The wonderful world of primate poo (and why it really matters)
By ucbtcwi, on 17 August 2017
As a biology PhD student, I’ll be the first to admit that there are some studies in science that, whilst interesting, can leave you questioning who comes up with these and why they (and we) should care so much. If you, like me, are the kind of person who loves these kinds of things, the list of past Ig Nobel prize winners is a cornucopia of great examples. Often, though, all it takes is delving a little deeper to find the importance in what seems like a pointless topic. My PhD involves collecting primate poo samples to look at their gut bacteria, and so does occasionally elicit the classic and very valid question: “But what’s the point of it?” from people, so I thought for this week’s blog post I’d try and answer exactly that.
Primates are our closest relatives and, in fact, your closest relatives are also primates, as are you yourself. We’ve known about the anatomical similarities between humans and other, non-human primates for hundreds of years. The Grant Museum of Zoology plays host to what used to be a teaching collection for doctors studying at UCL, where the bones and structures of animals from non-human primates to fish would be studied to understand how our own bodies developed from the ancestors we shared with other organisms. Then, in the 1980s, with the birth of molecular sequencing techniques, we gained the ability to study the DNA of animals. From this we began to understand just how closely related to other primates we really are, leading us to the famous fact that we are 98% genetically identical to chimpanzees, our closest relative.
The next big step, in my (admittedly, probably biased) opinion, in our understanding of the human body and how it works has been our realisation that gut bacteria are hugely important to human health and disease. We might tend to think of bacteria as harmful or infectious, but actually the bugs that live in your intestine are a normal part of a healthy human body. They outnumber our own cells 10 to 1, making us 90% bacteria in terms of cell numbers alone (although our own cells are much larger, which is why by mass we’re still mostly human), break down parts of our food that we ourselves can’t digest and even provide us with many hormones (such as 90% of our serotonin, the “happiness” hormone). In addition, gut bacteria has lately been linked to everything from keeping us lean or helping to make us obese, to maintaining normal bowel functions or exacerbating conditions such as irritable bowel syndrome.
So where do non-human primates come into this? Well, as with the Grant Museum’s collection all those years ago, it’s nothing new to study our relatives in order to understand more about ourselves. While understanding the gut bacteria of primates across the whole primate evolutionary tree lets us take a look at how gut bacteria have evolved alongside us to create a mutualistic relationship, primates in particular are a very interesting group of animals.

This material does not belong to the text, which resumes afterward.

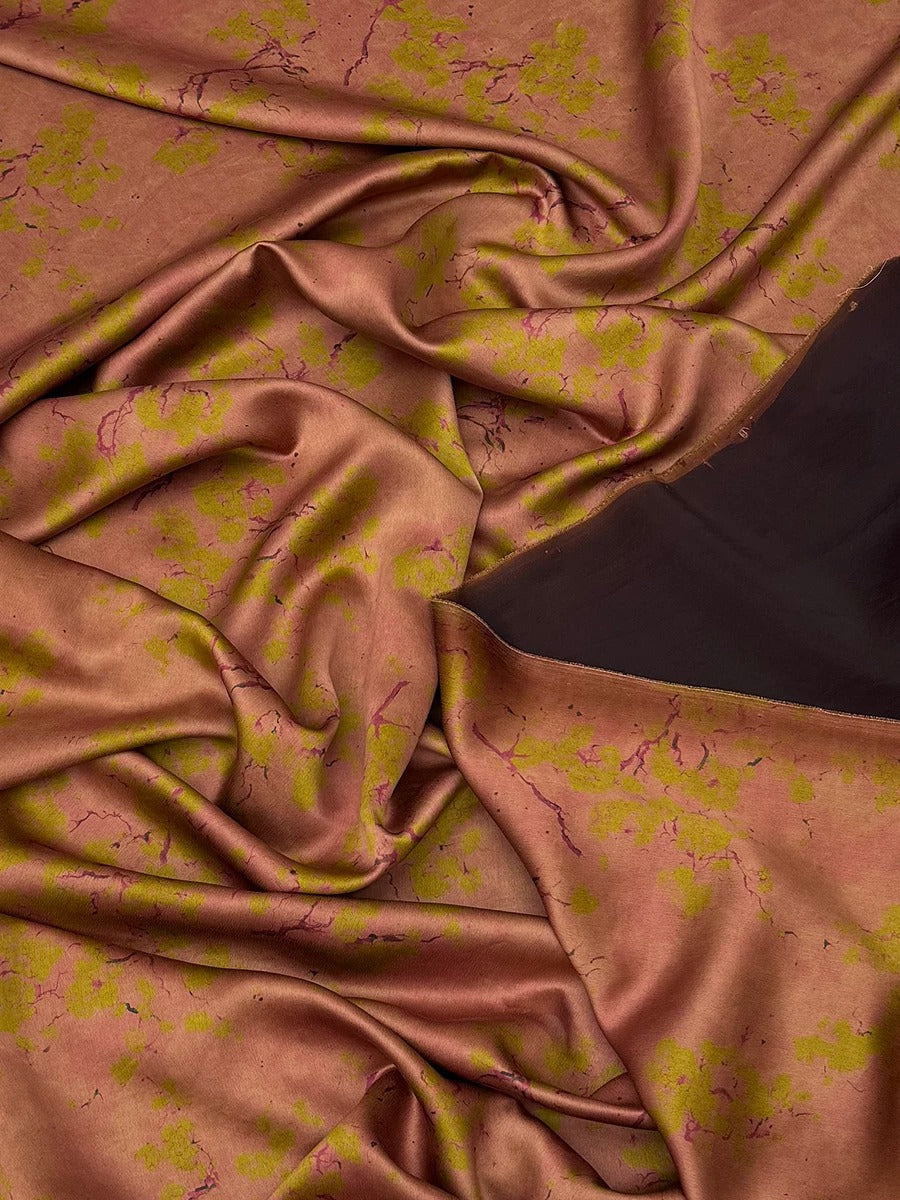 a close-up view of a fabric with a floral pattern in shades of pink and yellow. The fabric appears to be crumpled and wrinkled, giving it a textured and soft appearance.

Within the Primate Order there is huge variation in the ways that these animals live their lives, and it is by considering these differences that we can begin to understand how the variations between different human lifestyles affect our gut bacteria and so our health. For example, by comparing primates that eat mostly vegetation to species that eat fruit or meat or even gum like lorises, we can start to ask questions about how much our diet affects what bacteria can survive in the gut. Looking at animals that are highly social, such as chimpanzees or baboons, vs. those that are mostly solitary creatures such as bushbabies can tell us how gut bacteria is spread and shared between individuals, communities and even between different species living in the same area (this is not as crazy as you think – humans have been found to share skin bacteria with their pet dogs).
But it’s not just ourselves that we can learn things about when we study non-human primates. One large aspect of my PhD looks at how life in captivity affects the gut microbiomes of primates. Whilst life in captivity is not ideal for any animal, raising them in zoos and centres can have benefits for endangered species. Studying the gut bacteria has the potential to offer suggestions on how we might be able to enrich the diets of captive animals to ensure they maintain healthy gut bacteria whilst living in zoos. Furthermore, by looking at what nutrients are necessary to keep a healthy set of bacteria, we might be able to start thinking about conservations issues such as which plants are highly important to conserve alongside these endangered animals.
So, I hope I’ve convinced you that gut bacteria are important, that my area of research has the potential to be of great help, and above all, that primate poo is a great thing to study.